• [Aim of the task] Set it all down exactly, every record and every line.
[Opening The data section]
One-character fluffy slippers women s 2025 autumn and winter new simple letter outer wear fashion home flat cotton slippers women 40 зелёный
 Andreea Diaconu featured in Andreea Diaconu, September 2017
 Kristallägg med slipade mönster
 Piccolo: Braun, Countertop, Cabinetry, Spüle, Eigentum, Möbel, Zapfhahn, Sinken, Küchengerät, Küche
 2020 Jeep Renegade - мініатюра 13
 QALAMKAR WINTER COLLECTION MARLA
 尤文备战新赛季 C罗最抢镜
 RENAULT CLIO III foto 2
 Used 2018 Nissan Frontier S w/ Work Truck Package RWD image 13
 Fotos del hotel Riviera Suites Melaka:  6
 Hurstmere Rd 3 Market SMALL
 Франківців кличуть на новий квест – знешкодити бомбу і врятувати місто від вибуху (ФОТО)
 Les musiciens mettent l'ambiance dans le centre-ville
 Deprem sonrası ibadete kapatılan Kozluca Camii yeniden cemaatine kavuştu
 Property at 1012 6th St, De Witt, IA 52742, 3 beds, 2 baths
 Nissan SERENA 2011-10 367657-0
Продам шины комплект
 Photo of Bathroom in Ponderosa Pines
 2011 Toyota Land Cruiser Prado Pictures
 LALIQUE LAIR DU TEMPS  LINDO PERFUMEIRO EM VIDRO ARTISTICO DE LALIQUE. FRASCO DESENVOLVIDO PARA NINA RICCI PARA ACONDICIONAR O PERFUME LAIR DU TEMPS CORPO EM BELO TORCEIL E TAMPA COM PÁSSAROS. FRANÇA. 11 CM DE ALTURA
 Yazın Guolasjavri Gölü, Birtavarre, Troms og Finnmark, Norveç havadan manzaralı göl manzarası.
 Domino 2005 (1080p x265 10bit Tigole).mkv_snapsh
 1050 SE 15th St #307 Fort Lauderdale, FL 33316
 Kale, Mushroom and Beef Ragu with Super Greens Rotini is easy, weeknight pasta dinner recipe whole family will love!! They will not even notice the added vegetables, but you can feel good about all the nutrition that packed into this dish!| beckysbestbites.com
[Closing The data section]
• [Solution for this exercise]
One-character fluffy slippers women s 2025 autumn and winter new simple letter outer wear fashion home flat cotton slippers women 40 зелёный
 Andreea Diaconu featured in Andreea Diaconu, September 2017
 Kristallägg med slipade mönster
 Piccolo: Braun, Countertop, Cabinetry, Spüle, Eigentum, Möbel, Zapfhahn, Sinken, Küchengerät, Küche
 2020 Jeep Renegade - мініатюра 13
 QALAMKAR WINTER COLLECTION MARLA
 尤文备战新赛季 C罗最抢镜
 RENAULT CLIO III foto 2
 Used 2018 Nissan Frontier S w/ Work Truck Package RWD image 13
 Fotos del hotel Riviera Suites Melaka:  6
 Hurstmere Rd 3 Market SMALL
 Франківців кличуть на новий квест – знешкодити бомбу і врятувати місто від вибуху (ФОТО)
 Les musiciens mettent l'ambiance dans le centre-ville
 Deprem sonrası ibadete kapatılan Kozluca Camii yeniden cemaatine kavuştu
 Property at 1012 6th St, De Witt, IA 52742, 3 beds, 2 baths
 Nissan SERENA 2011-10 367657-0
Продам шины комплект
 Photo of Bathroom in Ponderosa Pines
 2011 Toyota Land Cruiser Prado Pictures
 LALIQUE LAIR DU TEMPS  LINDO PERFUMEIRO EM VIDRO ARTISTICO DE LALIQUE. FRASCO DESENVOLVIDO PARA NINA RICCI PARA ACONDICIONAR O PERFUME LAIR DU TEMPS CORPO EM BELO TORCEIL E TAMPA COM PÁSSAROS. FRANÇA. 11 CM DE ALTURA
 Yazın Guolasjavri Gölü, Birtavarre, Troms og Finnmark, Norveç havadan manzaralı göl manzarası.
 Domino 2005 (1080p x265 10bit Tigole).mkv_snapsh
 1050 SE 15th St #307 Fort Lauderdale, FL 33316
 Kale, Mushroom and Beef Ragu with Super Greens Rotini is easy, weeknight pasta dinner recipe whole family will love!! They will not even notice the added vegetables, but you can feel good about all the nutrition that packed into this dish!| beckysbestbites.com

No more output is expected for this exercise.